Après une longue pause, ils ont repris fin novembre dans ce palace cinq étoiles, érigé en 1845 par le prince Ferdinand de Saxe-Cobourg sur un bastion fortifié de la ville.
- "On ne vit qu'une fois" -
Flanqué d'impressionnantes colonnes sur son fronton central qui lui ont valu le surnom de "Spargelburg" (Château asperge), le palais abrite désormais 34 suites, un restaurant étoilé ou encore six caves à vin où dorment 60.000 bouteilles.
"On ne vit qu'une fois", est-il écrit sur la page internet dévoilant la liste des prix, qui s'élèvent jusqu'à 3.550 euros la nuit.
Les fortunés hôtes des lieux ne font que croiser les diplomates qui enchaînent des rencontres de multiples formats - bilatérales, trilatérales, d'experts... - jusque tard le soir, y compris le week-end.
Les Américains, eux, n'y mettent jamais les pieds. Leur émissaire Rob Malley y est régulièrement briefé à quelques centaines de mètres de là, dans le luxe moderne de l'hôtel Marriott ou le confort désuet du mythique hôtel Imperial, fréquenté depuis plus d'un siècle par les stars et chefs d'Etat.
Les Iraniens, qui logent de l'autre côté du Stadtpark, refusent pour l'instant de s'asseoir autour de la même table, ce qui ralentit considérablement la tâche, déplorent régulièrement les Occidentaux.
"Nous sommes plus proches que jamais d'un accord; toutefois, rien n'est convenu tant que tout n'est pas convenu", a tweeté en soirée en anglais l'ultraconservateur Ali Baghéri, à la tête d'une délégation iranienne très étoffée: environ 40 membres, quand celle de la France en comporte moins de 10.
- Tente et "otages" -
Pour Vienne, laminée par deux ans de pandémie, c'est une aubaine. "L'ADN de la ville profite" de son riche passé de cité impériale, explique à l'AFP Norbert Kettner, le directeur de l'Office de tourisme.
"A la fin de la Première Guerre mondiale, elle s'est soudainement retrouvée ville trop grande dans un pays trop petit", et "a donc continué à se projeter au-delà de ses propres frontières".
Siège de plusieurs organisations internationales, la capitale de ce pays neutre a accueilli des sommets historiques: Khrouchtchev y a serré la main de Kennedy en 1961, Brejnev celle de Carter en 1979.

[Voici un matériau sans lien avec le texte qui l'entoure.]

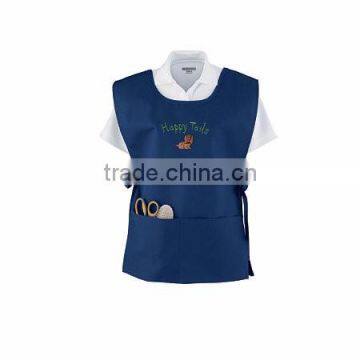 Blue Cobbler Apron With Front Pockets and Adjustable Side Ties photo-2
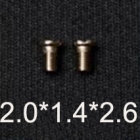 2.0*1.4*2.6 Cross flat head endpiece screws,metal temple screws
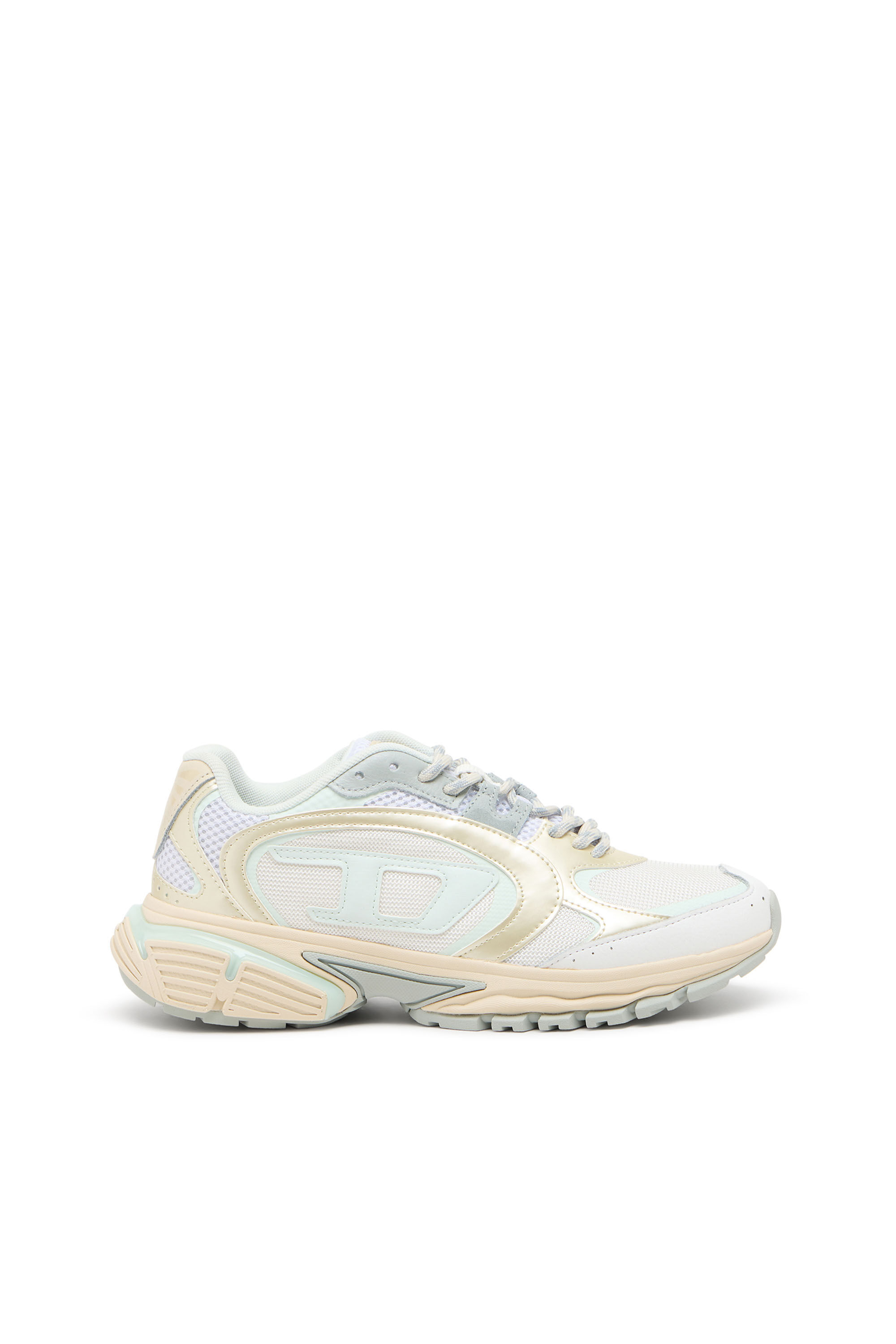 Diesel - S-PRO-V-DENSE LOW W, Woman's S-D-Runner X running shoes with metallic details in White - 1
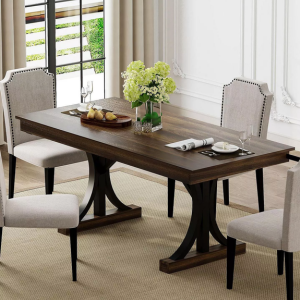 Wood 71'' 8-Person Dining Table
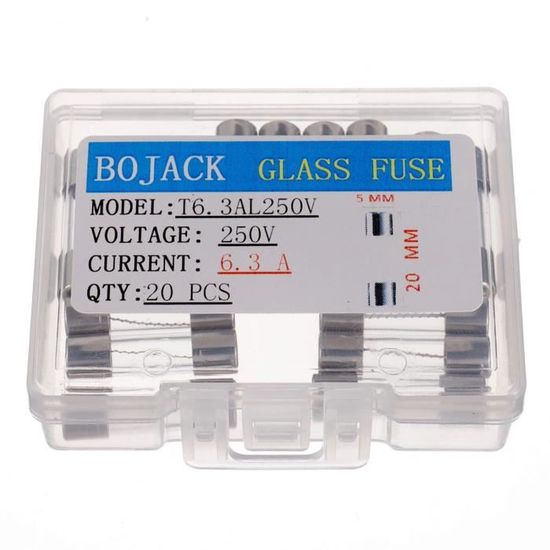 AUKENIEN 6X30MM Fusibili Ceramica 15 Valori 0,5A 1A 1,6A 2A 2,5A 3A 3,15A 4A 5A 6,3A 8A 10A 12A 15A 20A 250V 6X30 MM 250 Volt 0,24x1,18 Pollici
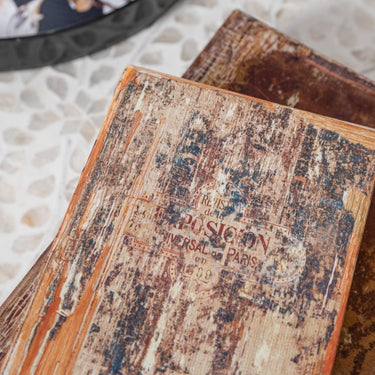 Antique Book Boxes Set of 6 at online8 furniture store Auckland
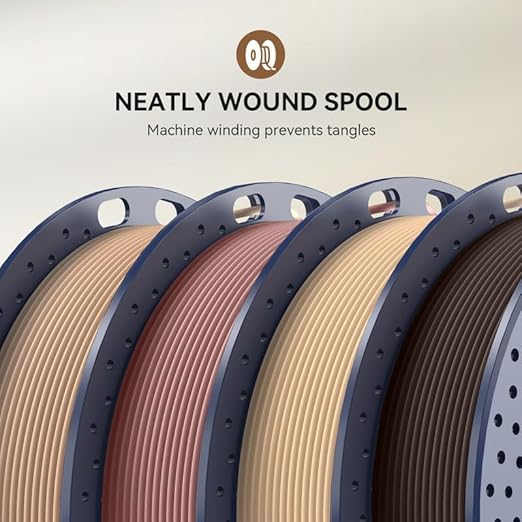Real Wood Fiber PLA Filament 1.75mm Light Brown Color, Natural Matte Texture - Image 5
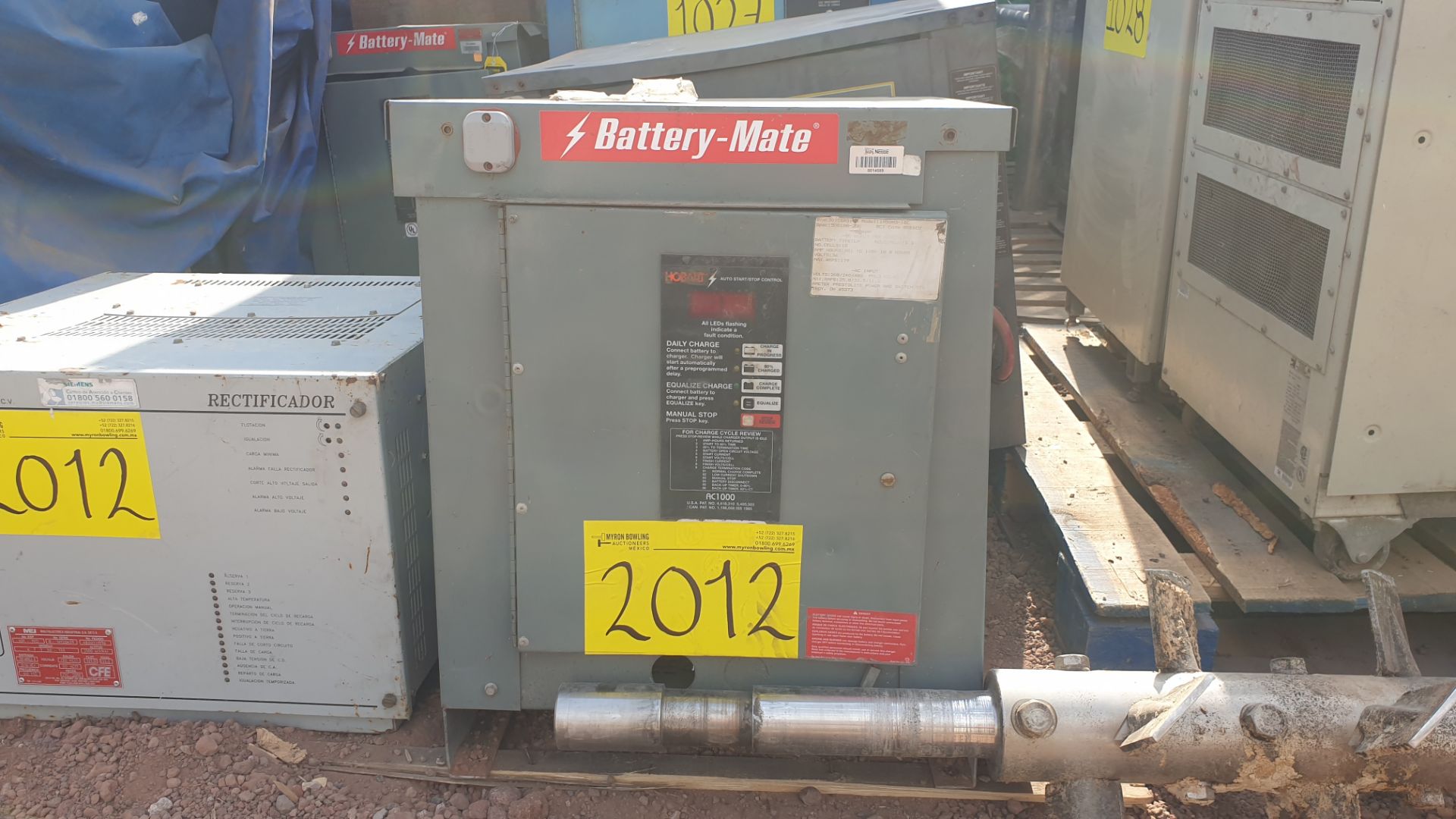 1 MEI Rectifier charger model KFT50130 N/S B14120459 220-440V year 2014 - Image 5 of 11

La discrétion est ici de mise.
Dans le dossier nucléaire iranien, les négociateurs "se trouvent à un point d'inflexion extrêmement délicat et c'est pourquoi ils préfèrent cacher leur jeu", souligne Ali Vaez, expert de l'organisation de prévention des conflits International Crisis Group.
Parfois l'ambassadeur chinois Wang Qun, à l'éternel noeud papillon, parle aux journalistes à sa sortie de Cobourg.
Mais c'est sur Twitter que l'action semble se dérouler: le représentant russe Mikhaïl Oulianov, très actif, y distille des pronostics souvent optimistes, accompagnés de photos de ses rendez-vous avec les différents protagonistes.
La plupart du temps, la grande tente blanche dressée en face du palais Cobourg pour accueillir par un froid hiver viennois les 200 journalistes accrédités d'une trentaine de pays est vide ou presque.
A quelques pas, se dressent des portraits des prisonniers étrangers en Iran. Pour que leur sort ne soit pas oublié, insistent les militants des droits humains, épaulés en janvier par d'anciens "otages" venus spécialement des Etats-Unis.